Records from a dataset
────────

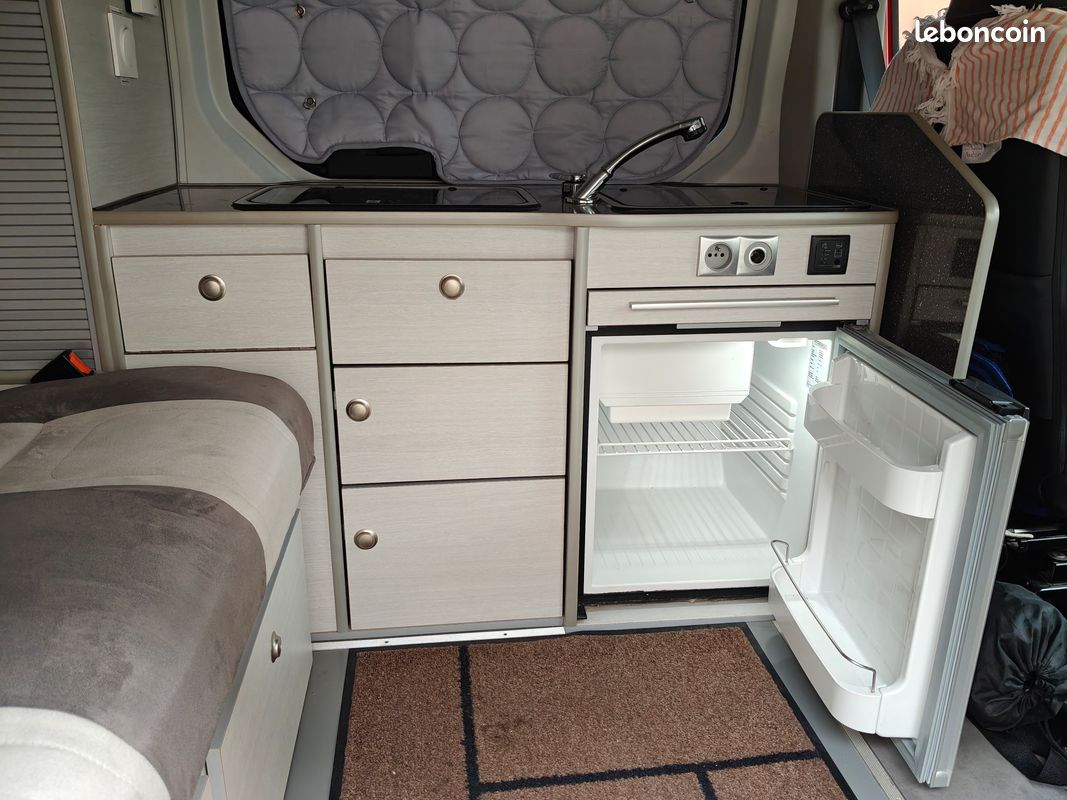 Van aménagé Renault Trafic L2H1 - 4 places - boîte auto (image 20)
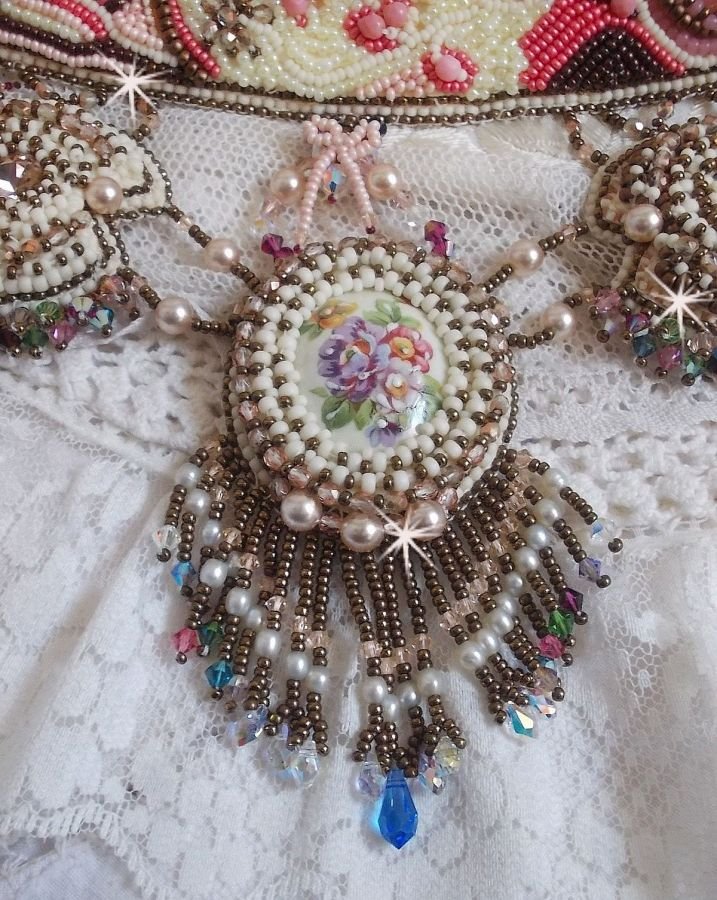 Arc-En-Ciel Haute-Couture halsband broderat med en Limoge porslinscabochon, Swarovski-kristaller och pärlor. 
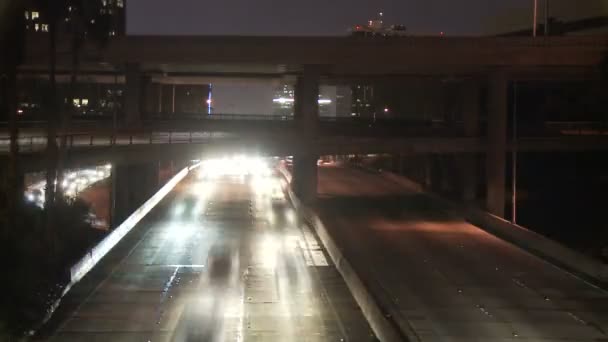 Verkehr auf der vielbefahrenen Autobahn in der Nacht - Zeitraffer — Stockvideo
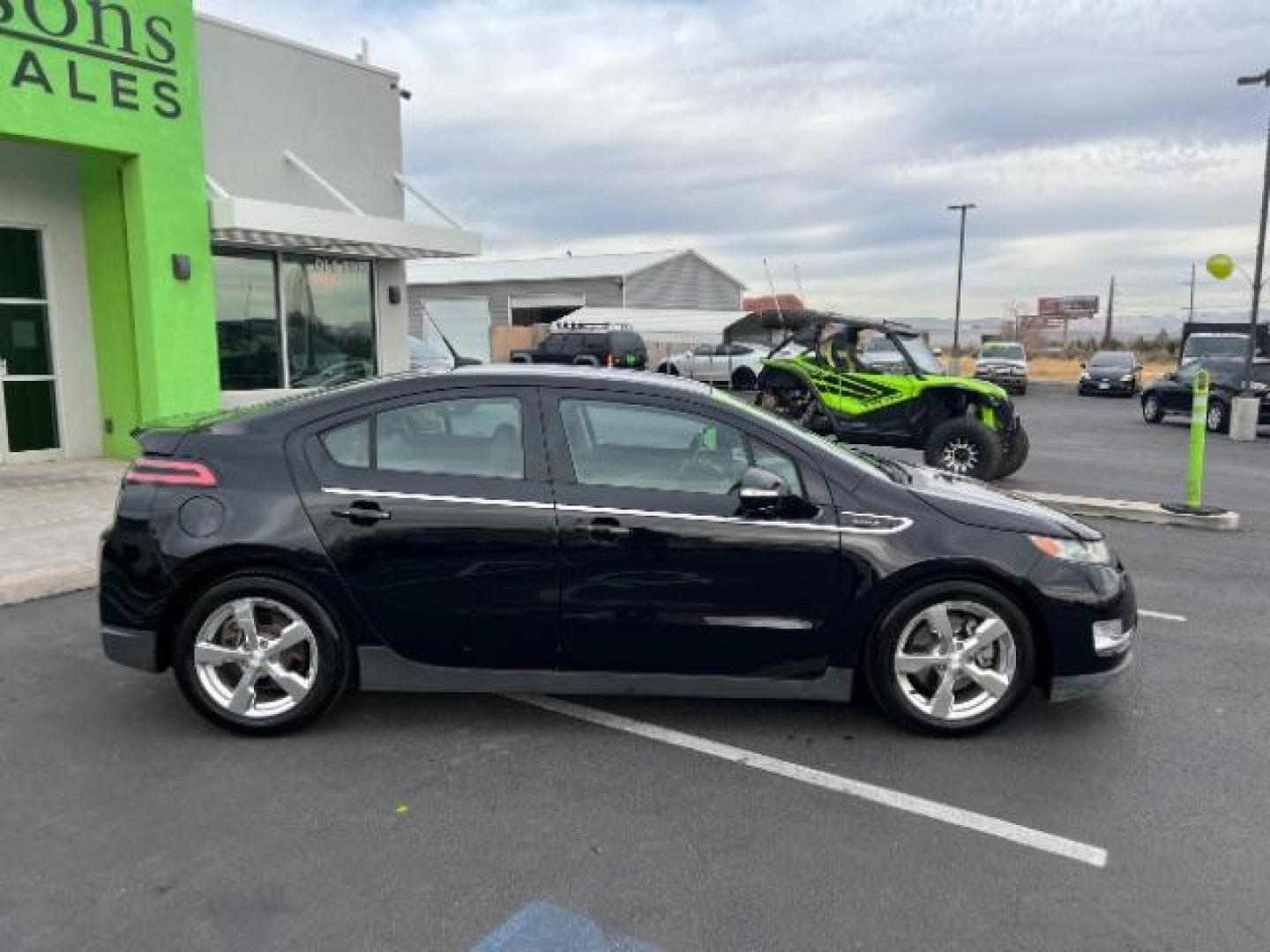 2013 Black /Jet Blk Seats/Ceramic Wh Chevrolet Volt Premium w/ Navigation (1G1RD6E48DU) with an 1.4L L4 DOHC 16V PLUG-IN HYBRID engine, Continuously Variable Transmission transmission, located at 1865 East Red Hills Pkwy, St. George, 84770, (435) 628-0023, 37.120850, -113.543640 - ***This vehicle qualifies for the EV/Hybrid tax rebate of up to $4,000*** We are setup with the IRS to recieve direct payments within 72 hours. We file the rebate online with IRS and can credit it to your down payment, reduce the sales price OR give you cashback!! These cars will not last and can o - Photo#7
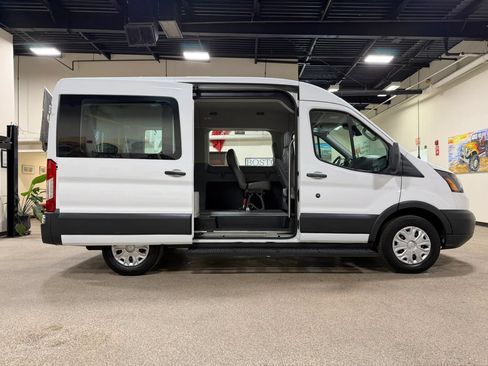 Used 2018 Ford Transit 150 XL RWD image 22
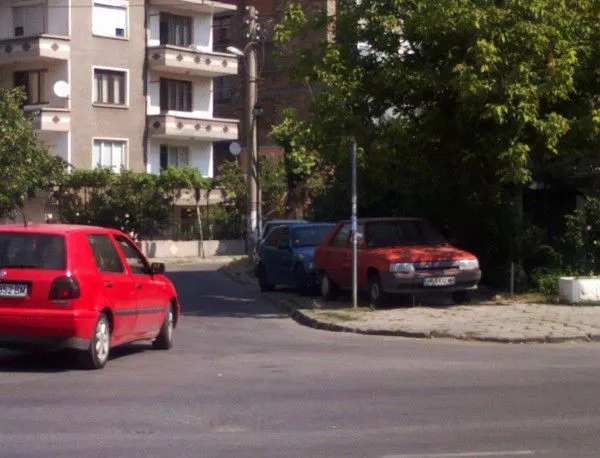 Инспектори погват неправилно паркирали по тротоарите в Асеновград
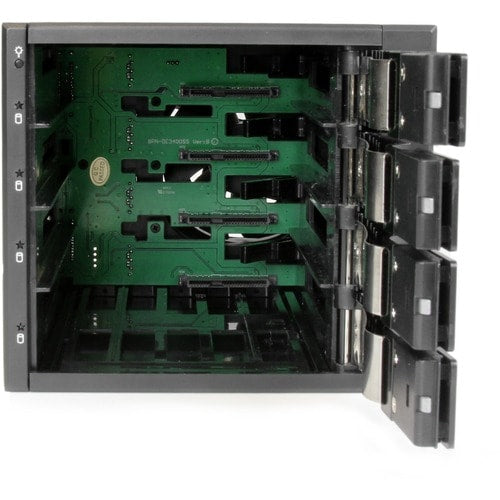 Placa base para rack móvil de 4 bahías StarTech.com sin bandeja de aluminio con intercambio en caliente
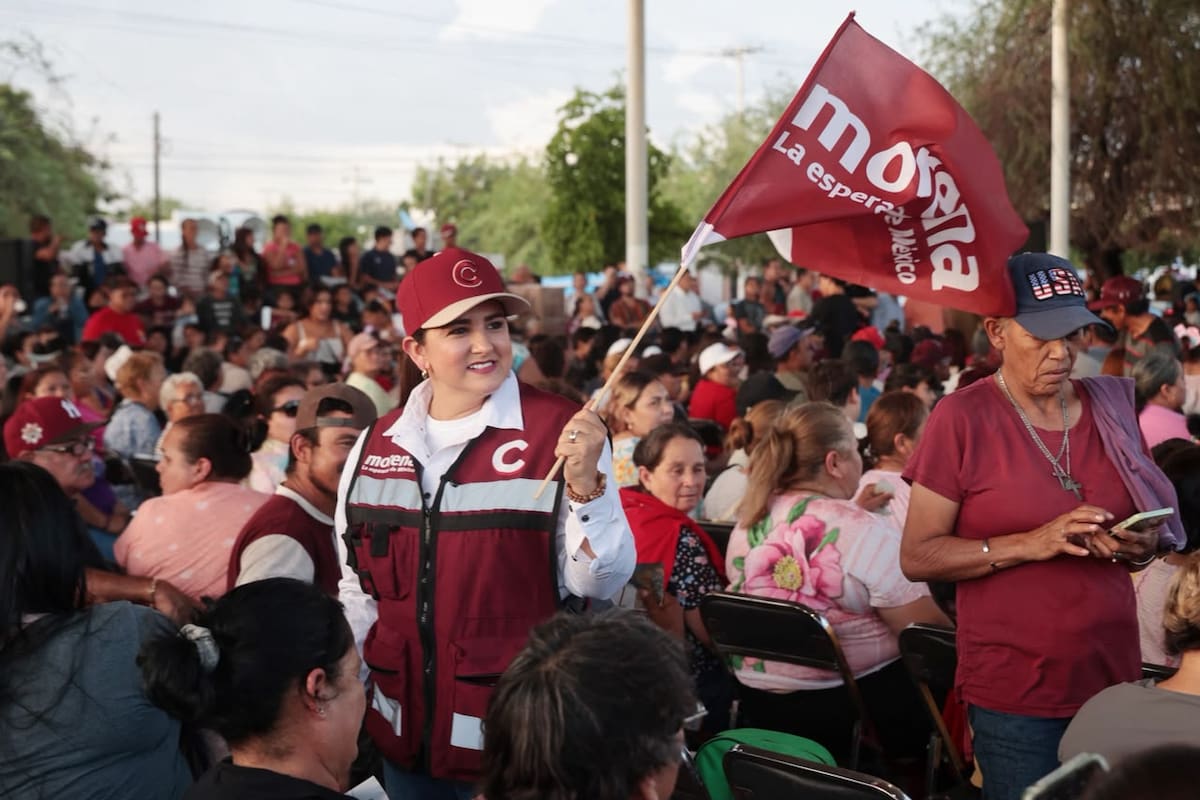 Célida toma fuerza rumbo a la Coordinación arropada por cientos de hermosillenses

────────

GOAL OF THE EXERCISE:
Repeat the records word for word. Any picture in them should be left out.

ANSWER TO THIS TASK:
 Van aménagé Renault Trafic L2H1 - 4 places - boîte auto (image 20)
 Arc-En-Ciel Haute-Couture halsband broderat med en Limoge porslinscabochon, Swarovski-kristaller och pärlor. 
 Verkehr auf der vielbefahrenen Autobahn in der Nacht - Zeitraffer — Stockvideo
 2013 Black /Jet Blk Seats/Ceramic Wh Chevrolet Volt Premium w/ Navigation (1G1RD6E48DU) with an 1.4L L4 DOHC 16V PLUG-IN HYBRID engine, Continuously Variable Transmission transmission, located at 1865 East Red Hills Pkwy, St. George, 84770, (435) 628-0023, 37.120850, -113.543640 - ***This vehicle qualifies for the EV/Hybrid tax rebate of up to $4,000*** We are setup with the IRS to recieve direct payments within 72 hours. We file the rebate online with IRS and can credit it to your down payment, reduce the sales price OR give you cashback!! These cars will not last and can o - Photo#7
 Used 2018 Ford Transit 150 XL RWD image 22
 Инспектори погват неправилно паркирали по тротоарите в Асеновград
 Placa base para rack móvil de 4 bahías StarTech.com sin bandeja de aluminio con intercambio en caliente
 Célida toma fuerza rumbo a la Coordinación arropada por cientos de hermosillenses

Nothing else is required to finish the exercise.